The analyst went as far as to suggest that fast-fashion players including Primark, H&M and Shein should be nominated to the Nobel Peace Prize. “The people’s actual spending power has not increased in the past few years and these companies have contributed to social peace in addition to creating millions of jobs,” he said.

Primark fashion.
Primark fashion.

Younger generations’ stance on responsible consumption is indeed a multifaceted topic.

“I see on the one hand a real consciousness [rising] and thinking about equity and the environment… but on the other hand children are constantly bombarded with the opportunity to buy a $20 shirt,” said Sofi Thanhauser, historian and author of the “Worn” book.

“There is a tendency of media to blame Gen Z for the success of fast fashion, but they weren’t even born when it developed,” she said.

“In Europe and the Western world where wealth has brought about consciousness there are very few young people, and with significantly lower spending power and electoral weight,” opined Alessandro Rosina, university lecturer and author.

As much as corporate sustainability can be fostered by intra-supply chain partnerships and alliances, evidence suggests that a cohesive consumer front could further fuel the transaction.

Eco-mindedness and eco-anxiety are no longer just a prerogative of the youngsters. “These changes are affecting senior consumers, too,” Rosina said, voicing for a coming together of different generations advocating for change.

“We need to move from a silver economy based on quantity of consumption to silver ecology, mindful of the quality of consumption in a sustainability vein,” he said. “This is only possible through generational interaction,” he offered.

Could Gen Alpha change consumer patterns for good?

“They are not just digital natives but also sustainability natives.
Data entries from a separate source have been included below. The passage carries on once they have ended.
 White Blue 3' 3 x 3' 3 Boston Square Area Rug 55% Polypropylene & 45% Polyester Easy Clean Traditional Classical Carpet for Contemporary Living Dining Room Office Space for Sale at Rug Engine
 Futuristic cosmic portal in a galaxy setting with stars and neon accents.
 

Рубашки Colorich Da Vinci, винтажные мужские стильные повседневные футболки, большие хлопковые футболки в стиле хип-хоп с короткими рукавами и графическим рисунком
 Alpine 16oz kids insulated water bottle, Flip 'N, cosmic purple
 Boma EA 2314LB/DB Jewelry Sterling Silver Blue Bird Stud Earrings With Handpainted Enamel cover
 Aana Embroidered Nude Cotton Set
They don’t have a romantic vision of sustainability but rather a data-driven one. They are seeking figures and precise information,” said Marco Taisch, professor of digital manufacturing at PoliMi, the Politecnico di Milano University.
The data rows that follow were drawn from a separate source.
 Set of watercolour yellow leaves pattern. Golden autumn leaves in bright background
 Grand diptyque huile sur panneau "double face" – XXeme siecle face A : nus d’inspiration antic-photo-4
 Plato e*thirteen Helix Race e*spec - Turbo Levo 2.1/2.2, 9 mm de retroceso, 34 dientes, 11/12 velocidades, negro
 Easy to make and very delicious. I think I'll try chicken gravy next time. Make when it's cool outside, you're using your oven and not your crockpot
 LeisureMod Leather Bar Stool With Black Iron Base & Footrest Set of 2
A Level Playing Field? Not Yet

Observers agreed that lawmakers in Europe have been slow in implementing the EU Strategy for Sustainable and Circular Textiles first introduced in 2022. The strategy covers eco-design principles, logistics, the Digital Product Passport and the extended producer responsibility, or EPR — a framework that sets accountability terms on fabric-makers for textile waste — among other pressing issues.

Although Italy — and to a certain extent Europe — have managed to anticipate legislation on many topics, building virtuous value chains, it’s now a matter of defining precise standards and a common ground for the industry to abide by, without getting caught in a bureaucracy-heavy chokehold.
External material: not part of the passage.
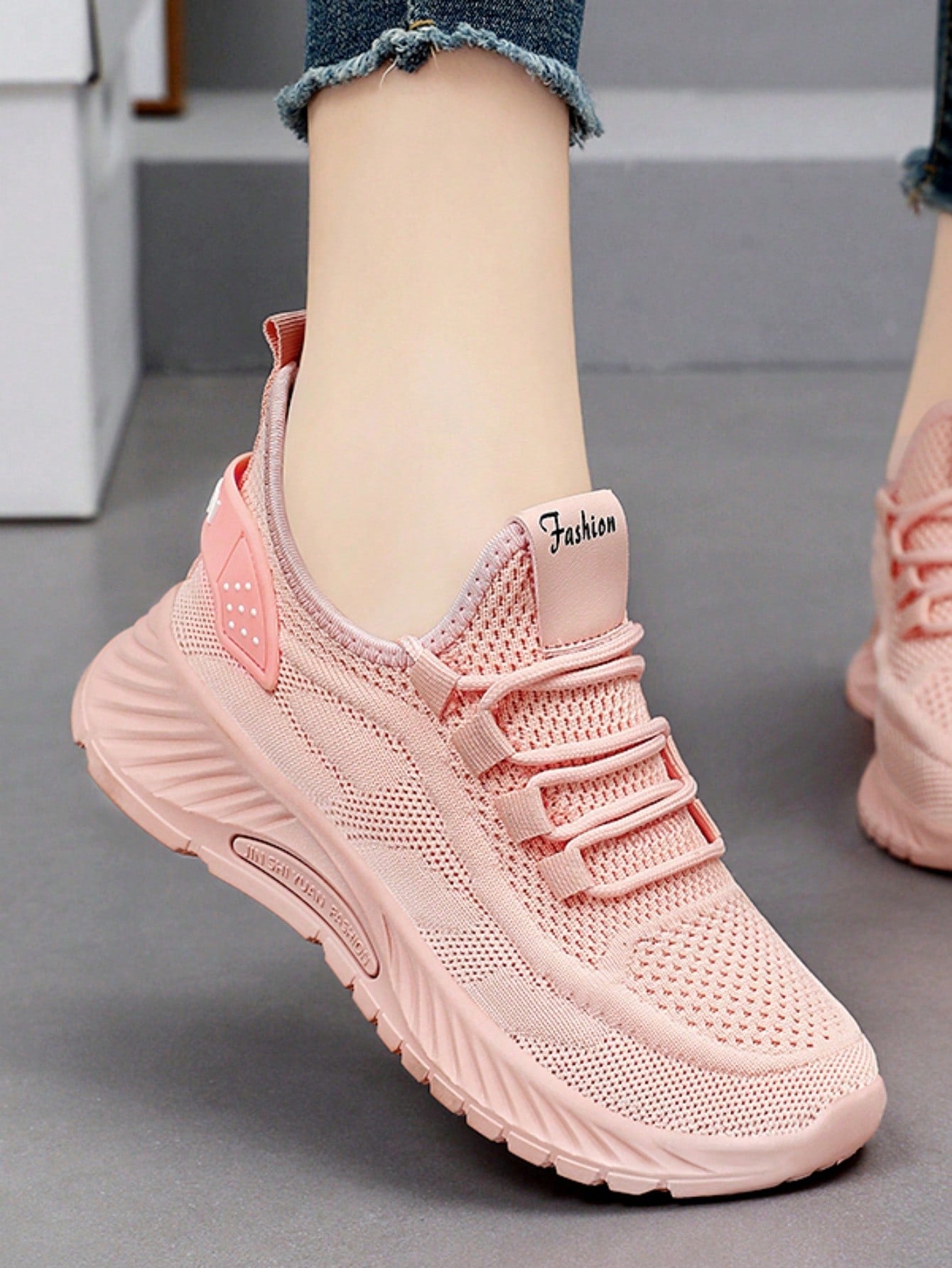 Women's Lightweight Shock-Absorbing Slip-Resistant Soft Bottom Mesh Breathable Hook Knitting Running Shoes, Casual Sports Shoes, Sneakers, Walking Shoes For All Seasons-Pink-3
“There was probably too much regulation. Too much and too fast. We want to reduce bureaucracy, which means less regulations, but better regulations,” said Dirk Vantyghem, director general at the European Apparel and Textile Confederation, or Euratex.

Legislators are seemingly lagging behind in defining a level playing field that would impose regulations on imported goods, too, perpetuating — if not exacerbating — the already existent crisis of multilateral trade relationships.

“The transition should not be viewed only from an environmental perspective, but also as an industrial and trade [evolution],” said Barbara Cimmino, the Euratex vice president.

“If we leave some countries outside the global value chain, those countries will never make the transitional quantum leap geared at enhancing global life standards,” Cimmino offered.

Textile waste a major polluter in Southeast Asian countries like Bangladesh
Textile waste.

“There has been an explosion of rules coming from brands… which then are shouldered by the value chain, which is forced to bureaucratize its operations creating inefficiency. And inefficiency generates economic unsustainability. Standardization is a critical condition to ensure business continuity,” echoed Andrea Crespi, vice president of SMI with oversight on the association’s sustainability strategies.

“Businesses have acted quicker and could influence legislations,” said Matteo Magnani, senior policy analyst at the Ellen MacArthur Foundation. “First movers don’t have to be disincentivized to be first movers. The playing field needs to be leveled so that brand and retailers abide by the same rules across countries,” he said.